Thursday, February 28, 2013
Future Letters to my son: Separation Anixiety
This letter I write to you today, is more of a letter I am writing for myself. Right now you have been going through this ridiculous stage of separation anxiety. I mean you've always been very fond of me and always want your mommy. But it's getting to the point that if I walked away, you start crying. If I'm doing working on my computer. You start crying. If I get ready for work and put my makeup, you start crying. You want to be attached to my hip 24-7. It has elevated in the last month. And it is driving me INSANE. I just keep reminding myself it is just a phase. Which it is. You will go through many phases in your life. You'll read this one day, and say "Eww, why was I attached to my mom so much?" But you're a baby right now. So it is understandable as to why you are extremely attached to me. If you are 30 years old, and still living with me, and attached to me, then I would be very worried.

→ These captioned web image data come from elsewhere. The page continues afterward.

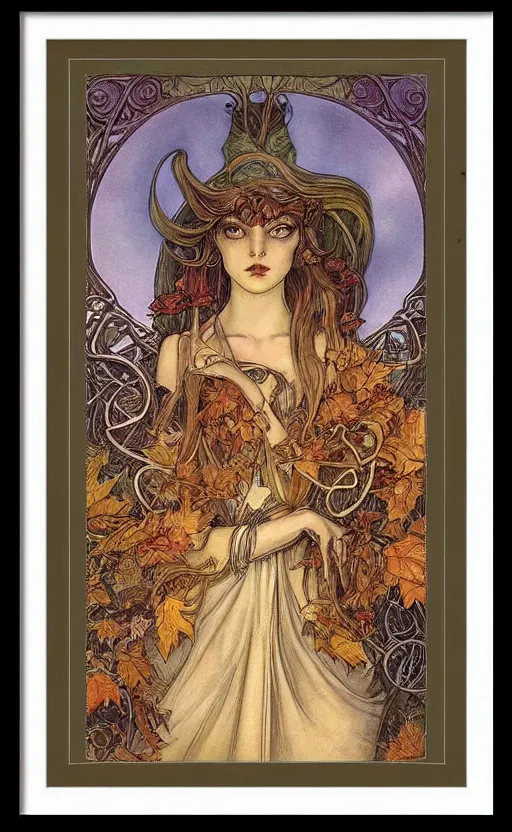 Prompt: art nouveau framed print by brian froud, goddess of autumn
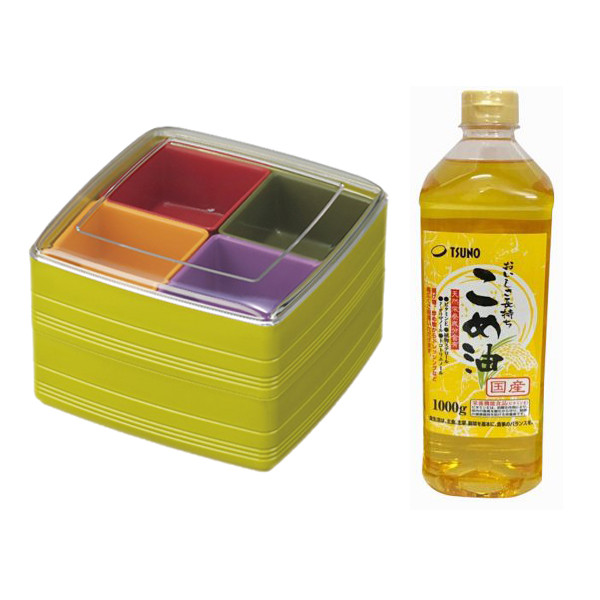 Combo hộp đựng cơm bento, đồ ăn dã ngoại cỡ nhỏ + dầu gạo cao cấp Tsuno 100gr - Tặng 2 thìa inox Twins nội địa Nhật Bản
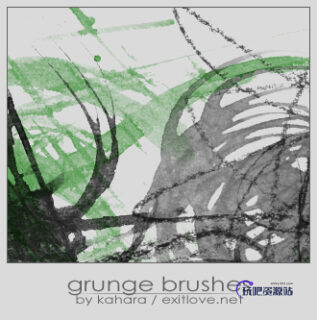 油墨、水墨混乱污渍纹理PS笔刷-玩吧资源站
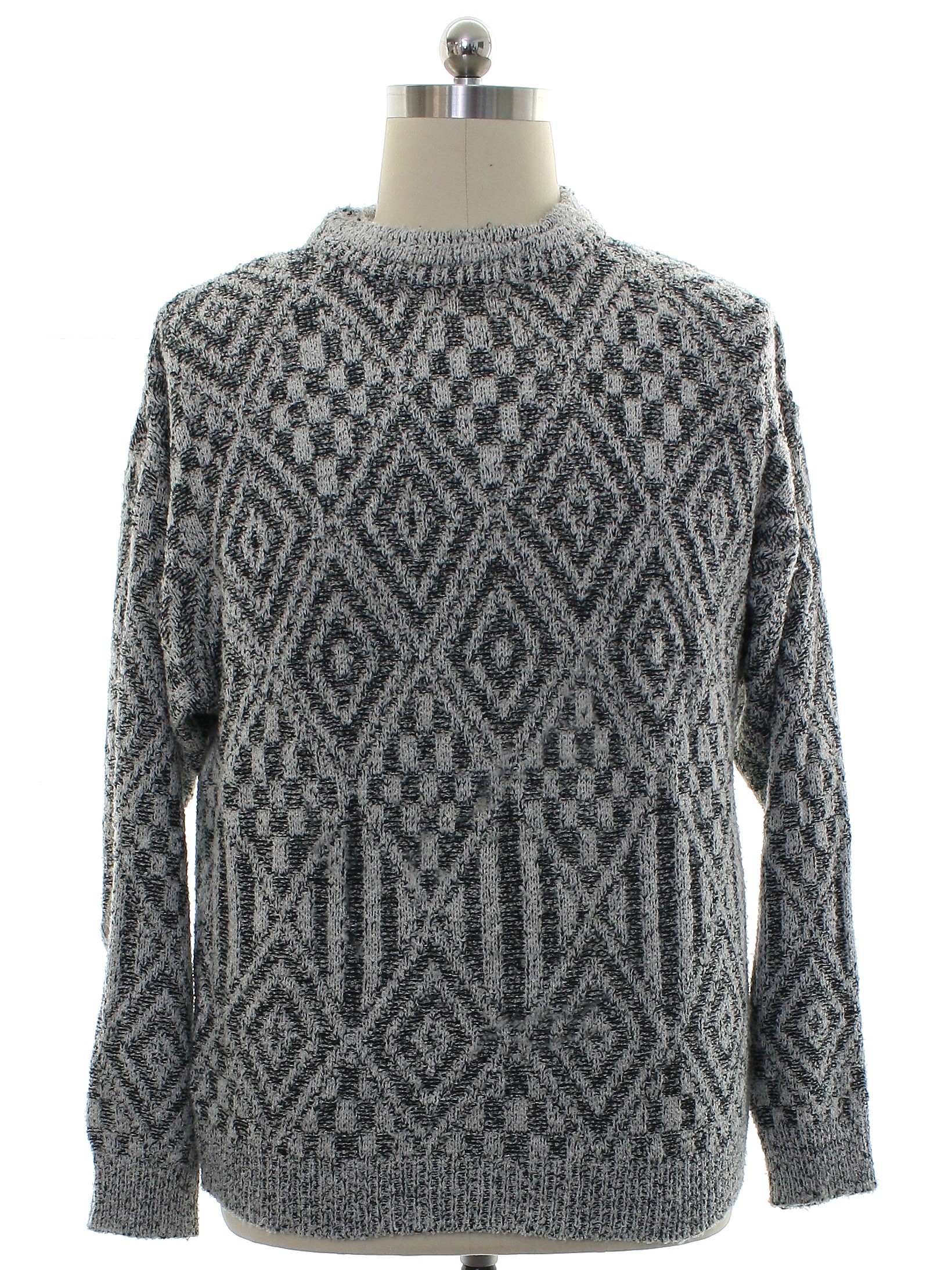 1980s Vintage Sweater: 80s -Point Zero- Mens gray background acrylic ...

This is just a really hard phase for me, and you too. It's dramatic not to be with your mother, especially when you were growing in her womb for 9 months.I know this too shall pass. And this won't be the only phase I'll go through with you. Eventually you'll become fiercely independent, and I'll be extremely sad that you are no longer attach to me. I'm sure when you're a teenager, you'll get in the stage where you won't even want to associate with me. And it will probably break my heart. But it will just be a phase just like this phase of you crying everytime I put you down. It's part of growing up. And for me it's part of being a mother. Watching and dealing with you growing up. Regardless of when you're too clingy, or too distant, remember I'll always love you.